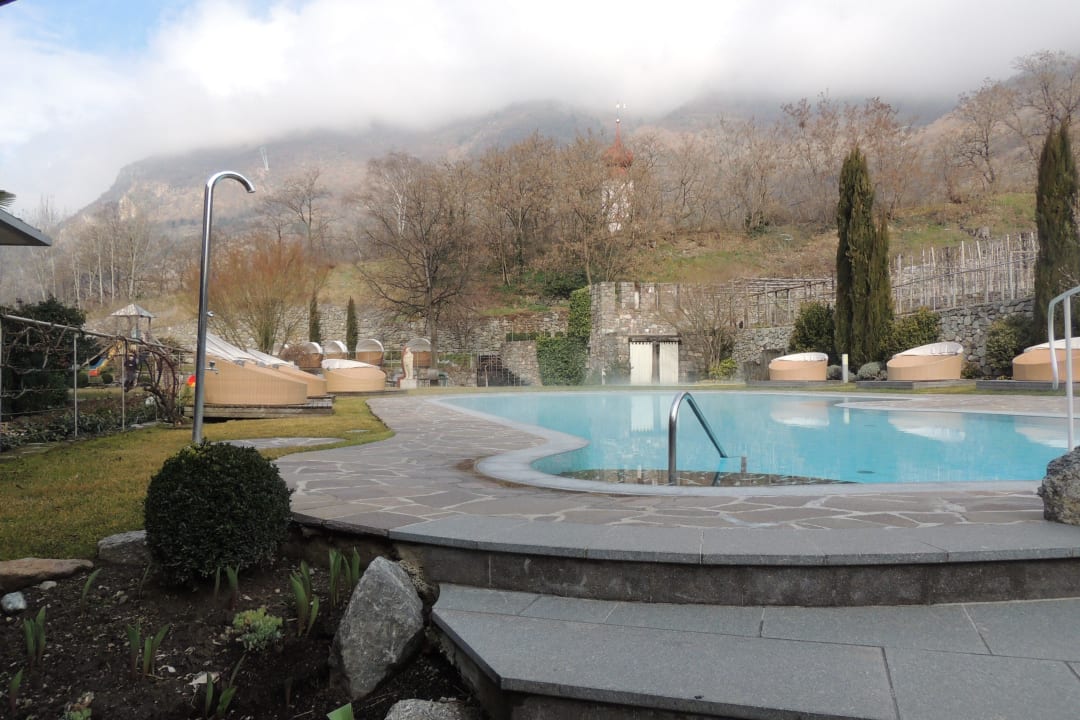 Warmes Nass Lindenhof Pure Luxury & Spa DolceVita Resort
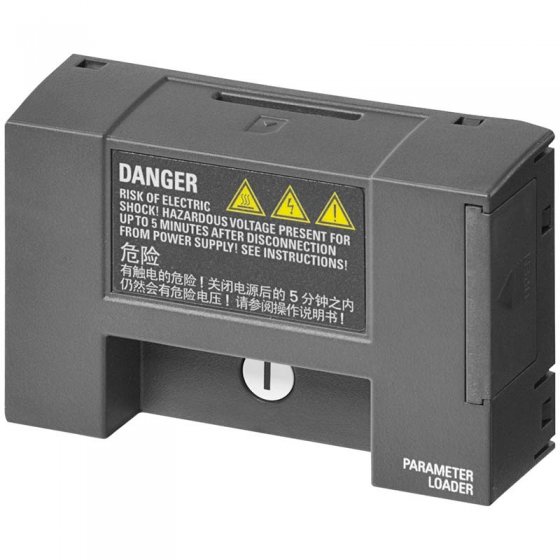 پارامتر لودر درایو V20 زیمنس 6SL3255-0VE00-0UA0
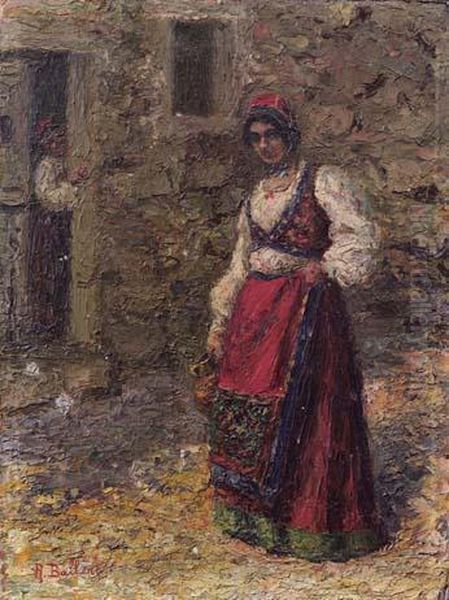 Contadina Sarda - view 1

________________________________________

_GOAL OF THE EXERCISE_
Please return each line of the listing exactly as written, excluding the images.

_TASK RESPONSE_
 Warmes Nass Lindenhof Pure Luxury & Spa DolceVita Resort
 پارامتر لودر درایو V20 زیمنس 6SL3255-0VE00-0UA0
 Contadina Sarda - view 1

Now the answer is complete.